Cardinality of $HgK$ with $H,K$ subgroup of a finite group $G$ with fundamental counting principle

Question

Let $G$ be a finite group. Let $g \in G$ and let $H,K$ be subgroup of $G$

I have to compute that $|HgK|=\frac{|H|\cdot |K|}{|H^g \cap K|}$ with the fundamental counting principle. I know that there are some other proof, but I need a proof that use the theorem before mentioned.

I think that the way is to consider the action $$K \to HgK$$ $$k \mapsto Hgk$$ So, $HgK=\cup_{k\in K} \mathcal{O}_{Hgk}$ (with $\mathcal{O}$, I mean the orbit). I can compute $$|\mathcal{O}_{Hg}|=|K:stab_K(Hg)|$$ since $stab_K(Hg)=stab_G(Hg)\cap K=H^g \cap K$, we obtain $$|\mathcal{O}_{Hg}|=|K:stab_K(Hg)|=|K:(H^g\cap K)|=\frac{|K|}{|H^g\cap K|}$$ Now, since I know that $|HgK|=\frac{|H|\cdot |K|}{|H^g \cap K|}$, I have to have that there are exactly $H$ different conjugation classes with same cardiality.

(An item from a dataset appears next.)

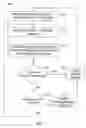 Fig. 06 - Avoiding image artifacts caused by camera vibration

It’s clear that they have same cardinality but I don’t understand why they are exactly |H|.

Answer 1

The intended answer is probably like this.

Define a map $f\colon H \times K \to G$ by $f(h, k) = hgk$.

The image of $f$ is, by definition, the set $HgK$.

Now using the "fundamental counting principle", you only need to show that, for any element $\tilde g \in HgK$, the inverse image $f^{-1}(\tilde g)$ has cardinality equal to $|H^g \cap K|$.

To prove that, write $\tilde g = \tilde h g \tilde k$ and define a map $\phi\colon H^g \cap K \to H \times K$ by $\phi(t) = (\tilde h gtg^{-1}, t^{-1}\tilde k)$. We show that $\phi$ is a bijection from $H^g \cap K$ to $f^{-1}(\tilde g)$.

$\phi$ is clearly injective; and it's easy to verify that $\phi$ has image in $f^{-1}(\tilde g)$. To show surjectivity, take any $(h, k)$ such that $hgk = \tilde g = \tilde h g \tilde k$ and rewrite it as $g^{-1}\tilde h^{-1}hg = \tilde k k^{-1}$. Since the left hand side belongs to $H^g$ and the right hand side belongs to $K$, this element (call it $t$) belongs to $H^g \cap K$ and we have $\phi(t) = (h, k)$.